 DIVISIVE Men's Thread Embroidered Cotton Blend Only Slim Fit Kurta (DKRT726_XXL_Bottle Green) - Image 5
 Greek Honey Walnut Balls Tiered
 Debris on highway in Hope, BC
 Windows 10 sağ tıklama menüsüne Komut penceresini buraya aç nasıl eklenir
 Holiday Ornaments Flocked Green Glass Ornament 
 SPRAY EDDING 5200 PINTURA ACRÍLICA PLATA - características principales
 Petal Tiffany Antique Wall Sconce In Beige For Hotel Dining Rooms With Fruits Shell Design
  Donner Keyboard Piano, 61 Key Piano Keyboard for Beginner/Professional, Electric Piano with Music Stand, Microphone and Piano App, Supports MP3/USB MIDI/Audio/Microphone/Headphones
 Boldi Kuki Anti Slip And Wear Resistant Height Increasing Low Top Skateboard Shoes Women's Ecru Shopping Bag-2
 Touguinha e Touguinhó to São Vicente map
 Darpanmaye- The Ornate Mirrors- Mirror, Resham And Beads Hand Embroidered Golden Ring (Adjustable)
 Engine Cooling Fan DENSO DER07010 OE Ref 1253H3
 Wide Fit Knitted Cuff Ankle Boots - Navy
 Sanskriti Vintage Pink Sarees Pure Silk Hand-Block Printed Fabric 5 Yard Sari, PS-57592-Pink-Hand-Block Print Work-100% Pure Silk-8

**WORK TASK**
In the data above, find the line with "Boldi Kuki Anti" and the line with "Touguinha e Touguinhó to São Vicente map". Retype both, plus every line between them, exactly.

**RESULT OF THE TASK**
 Boldi Kuki Anti Slip And Wear Resistant Height Increasing Low Top Skateboard Shoes Women's Ecru Shopping Bag-2
 Touguinha e Touguinhó to São Vicente map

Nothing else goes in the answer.